Nel Trionfo sfilavano anche i prigionieri di guerra, persone di ogni lignaggio che dovevano dimostrare come il vincitore avesse piegato il nemico. Una volta concluso il Trionfo essi venivano incarcerati, oppure uccisi. Molti si sottraevano a quel crudele rito suicidandosi. Quindi, sfilava il trionfatore, adorno della veste e dell’alloro, su un carro trainato da quattro cavalli bianchi; andava in Campidoglio attraversando la città con i senatori e la folla vestiti di bianco, la città tutta addobbata. Accanto al trionfatore i suoi parenti e i suoi amici più cari.

Una volta arrivato sul Campidoglio venivano sacrificati due buoi e da lì il festeggiato ordinava di mettere in carcere o di uccidere i prigionieri; metteva poi una corona d’alloro sulla testa della statua di Giove e lì si fermava a banchettare. Il rituale seguiva quello stesso del Trionfo che non si poteva celebrare in caso si fosse combattuta una guerra civile e comunque la guerra doveva avere rispettato un preciso rituale, essendo combattuta contro un giusto nemico. Si doveva cercare in tutti i modi di evitare la guerra e bisognava dimostrare che fosse inevitabile quando si decideva di combattere, pertanto non si doveva guerreggiare per essere poi portati in Trionfo. Per essere un nemico giusto, questi non doveva appartenere alla popolazione romana, a meno che non fosse ladrone o pirata.

Era in uso anche fare sfilare in Trionfo le tavole con scolpiti i nomi dei vinti e le rappresentazioni delle città sconfitte e conquistate, oppure scene di episodi importanti della guerra. La riproduzione della Sardegna, ad esempio, era su una tavola che seguiva Tito Sempronio Gracco nel suo Trionfo come conquistatore dell’isola nel 176 a.C.

Si iniziarono poi a comporre i Trionfi a memoria degli eventi e potevano essere armi o armature, marmi con scolpito il nome del vincitore che poi venivano posti sui portali. Le stesse armi sottratte ai vinti venivano poste all’esterno della casa del vincitore, spesso dopo che erano state fatte sfilare durante i festeggiamenti.

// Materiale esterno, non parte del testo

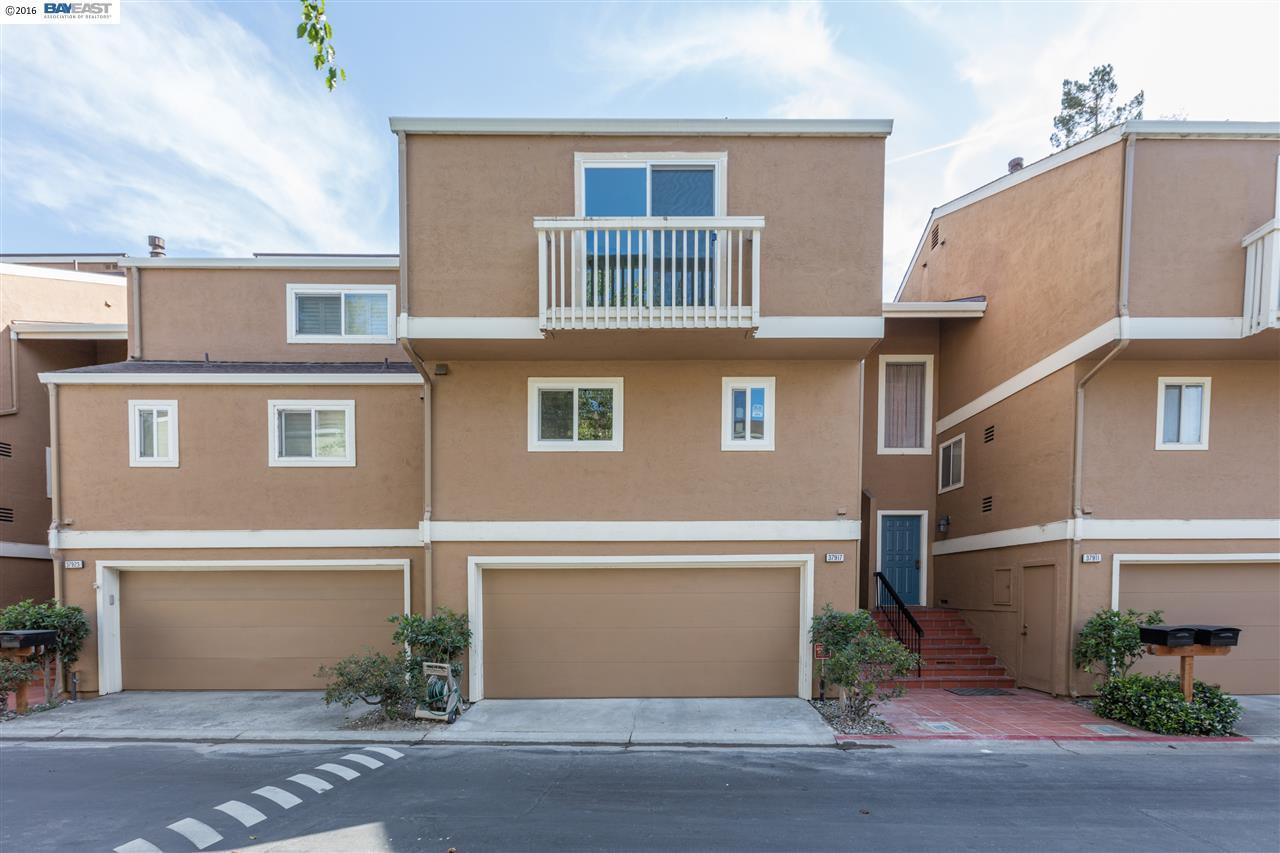 37917 Bright Cmn Fremont Ca 94536 Mls 40743796 Redfin
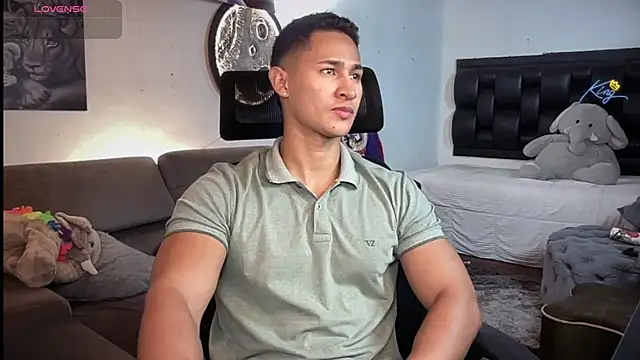BenjaminCooperk online show from July 19, 1:31 am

Nel tempo i modi di festeggiare il Trionfo cambiarono, come per esempio quando Ottaviano concesse di celebrare il Trionfo soltanto ai membri della sua famiglia, così come ci furono generali che sfilarono in Trionfo in nome dell’imperatore. Se tuttavia il Senato negava il Trionfo pubblico, il vincitore poteva recarsi senza autorizzazione al tempio di Giove Laziale, sul monte Albano, come successe per la prima volta nel 231 a.C.

Poteva sussistere un’altra forma di celebrare il Trionfo che veniva chiamata ovatio, una forma di Trionfo minore. Il generale vittorioso entrava a Roma a piedi, indossando una toga semplice, senza scettro e con una corona di mirto in testa anziché una corona d’alloro. Spesso veniva seguito dalla folla, ma non dai suoi soldati. La cerimonia si concludeva con il sacrificio di una pecora invece che di un toro.

 

La sofferenza come valore morale

Nell’antica Roma si credeva che per essere degni di appartenere al popolo romano si dovesse saper essere forti, operare da forti e saper soffrire per la Patria. Morire per la Patria era l’aspirazione massima, il massimo valore che un uomo potesse avere, più ancora di essere sapiente, di saper costruire e di saper creare opere. Il senso dell’onore, poi, era fondamentale valore per essere uomo e considerare se stesso tale, così come grazie ad esso si otteneva il rispetto degli altri. La storia di Muzio Scevola, famoso per l’aneddoto che lo ricorda, ha proprio questo aspetto come basilare. Caio Muzio Scevola, durante l’assedio di Roma da parte degli Etruschi, propose di andare da solo nell’accampamento etrusco per uccidere il loro re Porsenna; l’azione gli riuscì, però per errore uccise il Ministro anziché il Sire, come si giustificò in sua presenza una volta che fu catturato. Per punirsi dell’errore, davanti a tutti mise la mano destra che aveva ucciso per errore lo scriba, su un braciere e, senza un lamento, la lasciò ustionare. Porsenna, impressionato dall’ardore del giovane, lo lasciò libero e, malgrado le sofferenze per la mano completamente ustionata, Muzio Scevola avvisò il Re che lui era solo uno dei tanti Romani che sarebbero andati a cercarlo per ucciderlo, e questa sua coraggiosa affermazione condusse alle trattative di pace. Sembra che Porsenna avesse comandato Roma per circa due anni, ma che la lasciò senza apparente motivo: forse la leggenda e la storia si unirono intorno a vari fatti tra i quali l’eroismo di certo non mancava.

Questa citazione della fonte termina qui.